News & Events

Karen’s story: ‘Unisa is my beacon of hope’

Karen, a brave alumna and current student, recounts the harrowing tale of her life’s journey, and how Unisa’s beacon of knowledge helped her to pull through.

‘I choose to withhold my surname due to the sensitive nature of this article,’ says Karen. ‘I had registered for two qualifications previously with Unisa, but as a result of a psychiatric setback following a long history of sexual abuse I didn’t complete them.’

Mum’s the word

Karen says that further incidents of sexual abuse followed when she was a young student and first-time employee, resulting in severe psychiatric and physical conditions being diagnosed, with chronic medication being required for the latter. ‘My mum, with a single parent’s perseverance, saw me slowly being rehabilitated into being able to think for myself once again until I was well enough to begin substitute teaching,’ says Karen. ‘The impermanence of substitute contracts took its toll, and the vicious cycle of unemployment was slowly sucking the life-blood out of me.’

Karen says that she eventually married at the age of 32. ‘I met a quiet, patient man, who became my steadying compass and silent protector. I didn’t feel so alone anymore and I didn’t feel the need to look for something; my young enquiring spirit had been endlessly restless and reckless.’

Never lie down

Her father, who lived a considerable distance from her, fell seriously ill in 2016. Karen had to commute long distances from her home to his to provide the necessary care, resulting in further employment challenges. Then came a cathartic conversation with her dad. ‘’I remember saying to him, “Dad, I just feel like giving up!” In his mind there seemed no question about it.
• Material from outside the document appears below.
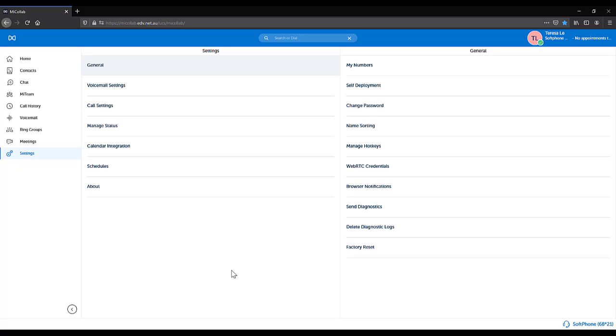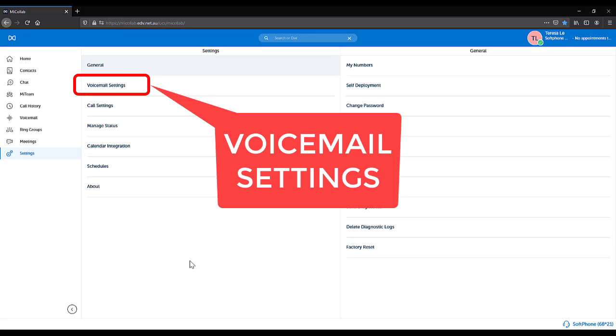Factory Reset allows you to factory reset your MyCollab PC Client. This is not required for WebMyCollab where you can close the browser to log out.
He stood up and said: “You have to fight, you have to fight till the end! You’ve got to do what you have to do and get it done!”.’

Success!

Inspired by his passionate words Karen registered for a Postgraduate Certificate in education, selling possessions and making other sacrifices in order to pay the relevant fees. Friends and family also generously contributed. Karen passed her final exams and obtained the qualification (sadly, her father had already passed away by that time, but to the end he remained confident that she would succeed).

‘I have since been studying for a B.Ed (Hons) in Inclusive Education,’ says Karen. ‘I enjoy working with learners with special needs as I have special needs. Obstacles remain, but I take great pride in the fact that I have ten years of experience as an educator and am a published poet and author of two books.’

A beacon of hope

In conclusion, Karen says that Unisa gives her hope. ‘My sister said: “We want you to study because we see how it inspires you during your periods of unemployment”. I love being intellectually stimulated. I love especially writing conclusions in my essays when I realise that my premise has been justified. Intellectual stimulation drives me. Unisa drives people to be the best that they can be. Unisa allows studies to fit in with hectic job and family schedules. Ultimately, Unisa empowers!  Education is the key to knowing who you are, what you believe in and what you stand for. Thank you, Unisa!’